In February 1997, the L.A. Jewish Voice, a weekly published by Selwin Gerber and a group of investors, threw down the gauntlet in the arena of Los Angeles' Jewish press. With high-end production values, the Voice (no relation to Samuel Gach's Jewish Voice newspaper) boasted some impressive celebrity covers -- Monty Hall, Dr. Laura Schlessinger, Howard Stern -- and challenged the established Jewish press with a personable, pop-culture edge. The Voice's Pico-Robertson offices housed an energetic staff , including several future Jewish Journal employees -- Religion Editor Julie Gruenbaum Fax, former Calendar Editor William Yelles and this reporter.
"It didn't fit into any of the categories," says Fax, then the Voice's managing editor. People's Palette, for instance, provided a poetry/art corner for readers.
Voice editor Ari Noonan, now a writer for Heritage Southwest Jewish Press, had high hopes for the new publication.
"Our mission was 50 percent to lead a community in the direction it should go and 50 percent to reflect what it is," he now recalls.

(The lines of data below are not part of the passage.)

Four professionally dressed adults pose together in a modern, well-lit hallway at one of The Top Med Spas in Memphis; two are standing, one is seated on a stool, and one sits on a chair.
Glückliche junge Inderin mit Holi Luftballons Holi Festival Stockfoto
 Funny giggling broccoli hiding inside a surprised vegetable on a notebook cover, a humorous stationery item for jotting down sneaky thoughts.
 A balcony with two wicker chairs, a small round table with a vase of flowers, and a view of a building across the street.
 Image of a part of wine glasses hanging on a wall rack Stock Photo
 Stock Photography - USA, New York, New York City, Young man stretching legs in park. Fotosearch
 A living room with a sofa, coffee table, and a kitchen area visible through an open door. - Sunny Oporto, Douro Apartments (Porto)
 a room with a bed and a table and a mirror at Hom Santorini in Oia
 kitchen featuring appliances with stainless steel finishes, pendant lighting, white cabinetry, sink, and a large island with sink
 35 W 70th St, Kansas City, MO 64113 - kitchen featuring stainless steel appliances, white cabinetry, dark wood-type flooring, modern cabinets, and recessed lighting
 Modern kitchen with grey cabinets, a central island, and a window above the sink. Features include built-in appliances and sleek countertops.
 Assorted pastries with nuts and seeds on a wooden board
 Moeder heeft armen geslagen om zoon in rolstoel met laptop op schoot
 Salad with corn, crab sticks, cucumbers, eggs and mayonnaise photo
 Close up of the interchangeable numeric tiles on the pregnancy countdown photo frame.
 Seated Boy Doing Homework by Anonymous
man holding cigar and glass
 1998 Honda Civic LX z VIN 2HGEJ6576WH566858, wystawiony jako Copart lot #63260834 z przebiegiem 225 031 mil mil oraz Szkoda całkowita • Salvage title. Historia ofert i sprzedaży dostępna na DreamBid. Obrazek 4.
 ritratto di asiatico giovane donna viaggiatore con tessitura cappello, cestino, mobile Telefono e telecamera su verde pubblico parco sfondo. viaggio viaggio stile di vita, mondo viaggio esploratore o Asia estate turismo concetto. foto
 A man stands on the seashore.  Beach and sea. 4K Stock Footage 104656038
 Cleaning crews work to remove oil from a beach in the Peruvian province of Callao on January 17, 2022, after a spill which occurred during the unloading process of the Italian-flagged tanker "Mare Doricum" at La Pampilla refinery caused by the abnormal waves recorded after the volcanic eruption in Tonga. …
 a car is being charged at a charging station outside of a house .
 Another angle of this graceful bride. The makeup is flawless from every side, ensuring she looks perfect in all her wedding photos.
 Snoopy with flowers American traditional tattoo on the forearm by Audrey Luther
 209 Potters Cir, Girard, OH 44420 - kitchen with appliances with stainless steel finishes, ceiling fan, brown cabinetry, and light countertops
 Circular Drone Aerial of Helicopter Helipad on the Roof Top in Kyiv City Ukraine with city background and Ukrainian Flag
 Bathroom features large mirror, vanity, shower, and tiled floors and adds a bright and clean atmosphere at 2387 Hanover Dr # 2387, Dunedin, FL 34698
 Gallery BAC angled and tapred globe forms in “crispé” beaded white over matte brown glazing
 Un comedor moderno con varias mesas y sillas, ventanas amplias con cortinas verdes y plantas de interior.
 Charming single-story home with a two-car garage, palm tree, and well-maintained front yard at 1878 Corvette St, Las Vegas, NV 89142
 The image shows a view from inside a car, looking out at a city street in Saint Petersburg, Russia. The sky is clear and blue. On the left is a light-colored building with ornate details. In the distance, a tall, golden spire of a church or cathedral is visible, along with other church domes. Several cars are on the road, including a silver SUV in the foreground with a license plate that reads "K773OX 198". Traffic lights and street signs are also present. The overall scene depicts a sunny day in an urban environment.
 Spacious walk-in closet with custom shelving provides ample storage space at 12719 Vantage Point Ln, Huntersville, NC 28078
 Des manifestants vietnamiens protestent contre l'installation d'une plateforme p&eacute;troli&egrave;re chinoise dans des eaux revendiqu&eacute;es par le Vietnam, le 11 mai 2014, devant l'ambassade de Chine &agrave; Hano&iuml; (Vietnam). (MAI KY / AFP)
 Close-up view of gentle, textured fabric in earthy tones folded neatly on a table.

The mission was short-lived. By the afternoon of April 18, Fax, eyes moist from emotion, entered the Voice's production room. She notified employees, hard at work on the next issue, that it would be the last.
Insiders pinned the Voice's abrupt end on poor budgeting, high production values, and overzealous expansion (55,000 copies a week distributed all over L.A. County). Crumpled copies of that last issue (Leonard Nimoy on the cover) lingered in bright yellow distribution boxes for weeks. The Voice had lasted 11 issues.